Where the usable exhaust gases are used to fuel the engine sets, the usable exhaust gases may be introduced into a third air breathing combustion chamber in each of the engine sets. The non-usable exhaust gases from each of the engine sets is collectible in the housing and safely disposable. The usable exhaust gases may be hydrogen and carbon monoxide. The non-usable exhaust gases may be carbon dioxide.
In another alterative embodiment, an inner surface of the housing may act as an electrode of a hydrogen fuel cell.
BRIEF DESCRIPTION OF THE DRAWINGS
The invention will now be described in more detail, by way of example only, with reference to the accompanying drawings in which:
Figure 1 is a cross-sectioned front view of a first embodiment of an engine in accordance with the present invention;
Figure 2 is a cross-sectioned front view of a second embodiment of an engine in accordance with the present invention; and
Figure 3 is a partially cross-sectioned side view of the engine of figure 2.
DETAILED DESCRIPTION OF THE DRAWINGS
An engine according to a first preferred embodiment of the invention is designated generally with reference numeral 10 in figure 1. The engine 10 includes a primary chamber 12, a secondary combustion chamber 14 and an exhaust passage 16 through which the secondary combustion chamber 14 can be exhausted to generate a thrust.
The primary chamber 12 has a fixed volume and is adapted to receive a first propellant therein via a primary supply line 18. The primary chamber 12 includes a catalyst (not shown), preferably of a metal type, for catalytically decomposing the first propellant into at least an oxidizer. Alternatively, the catalytic decomposition yields a compound other than an oxidizer which promotes ignition and/or combustion. It is preferable that the first propellant is hydrogen peroxide (H202), which when coming into contact with the catalyst is decomposable into at least steam (H20) and oxygen (02) at high pressure. It will be appreciated that although not shown, the first propellant is storable in a tank (not shown) from which it is communicated to the primary chamber 12, via primary supply line 18.
The secondary combustion chamber 14 also has a fixed volume and is adapted to receive at least a second propellant, directly or indirectly, via a secondary supply line 20. It is preferable that the second propellant is a hydrocarbon, specifically diesel, which may be introduced into the secondary combustion chamber, directly or into a duct 22 passing between the primary chamber 12 and the secondary combustion chamber 14. Preferably, the second propellant is introduced by one or more injectors 24. It will be appreciated that although not shown, the second propellant is storable in a tank (not shown) from which it is communicated to the engine 10 via the secondary supply line 20.
In use, the first propellant, for example hydrogen peroxide, is introduced into the primary chamber 12 via the primary supply line 18. When coming into contact with the catalyst, the first propellant is decomposed into pressurized gas in the form of steam and oxygen (02) at high temperature and pressure.

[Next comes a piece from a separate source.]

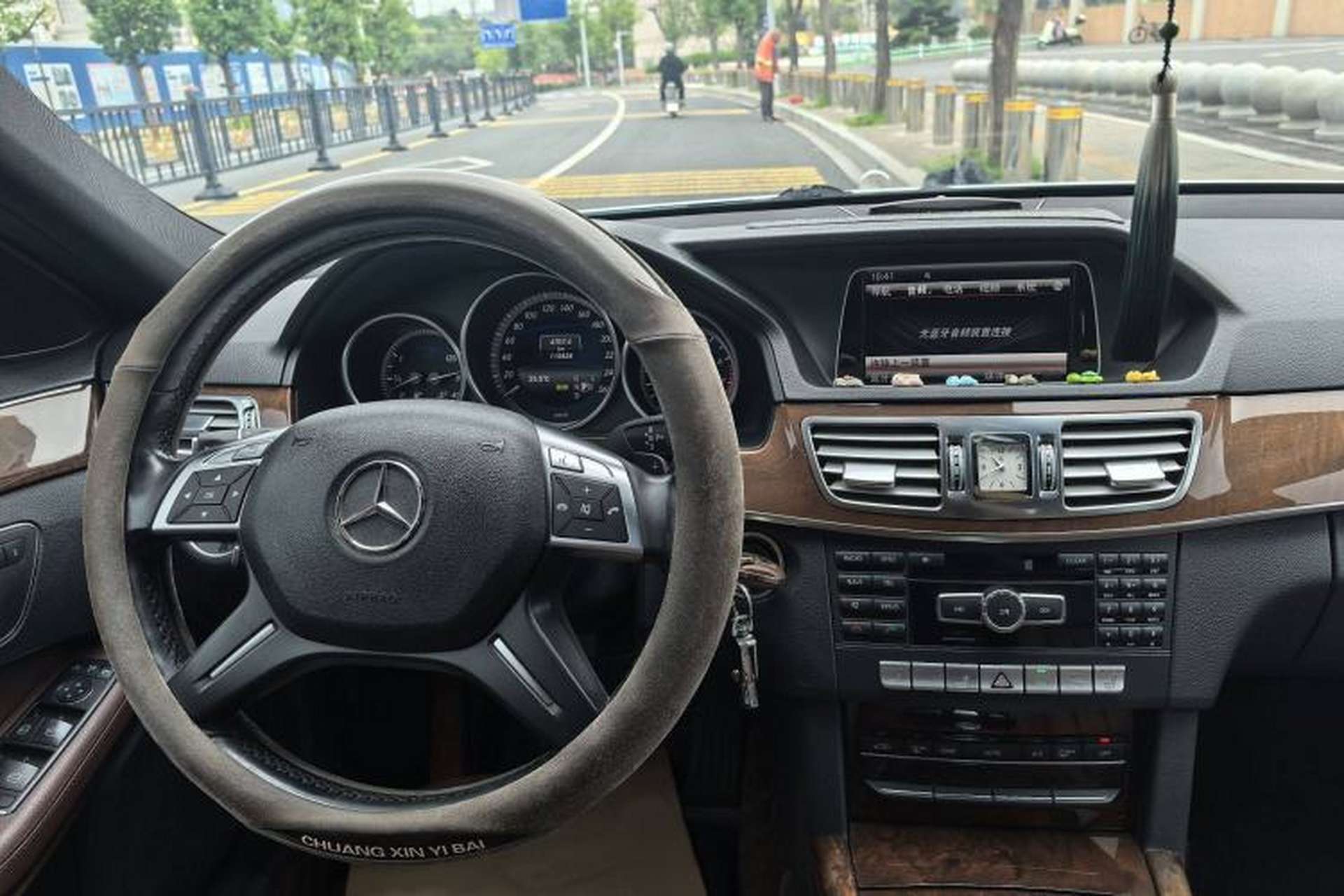 Used Mercedes-Benz E-Class 2014 E 260 L Luxury Model Audio And AC Panel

The pressurized gas is communicated towards the secondary combustion chamber through duct 22, into which the second propellant, for example diesel, is introduced (directly or indirectly via duct 22) via the secondary supply line 20 and one or more injectors 24. The second propellant, through the pressure and temperature exposed thereto by the pressurized gas is compressed and heated to the point of spontaneous ignition, causing a mixture of pressurized gas and the second propellant to combust and expand into the secondary combustion chamber 14.
It will be appreciated that the oxygen (02), as a result of the catalytic decomposition of the first propellant in the primary chamber 12, acts as an oxidizer to the second propellant, thereby increasing the efficiency of combustion of the mixture. The shape of the secondary combustion chamber 14 is throttled towards the exhaust passage 16, thereby increasing the velocity of the combusted mixture as it exhausts through the exhaust passage 16, which generates usable thrust. It will be appreciated that the exhaust passage 16 may be in the form of an exhaust nozzle.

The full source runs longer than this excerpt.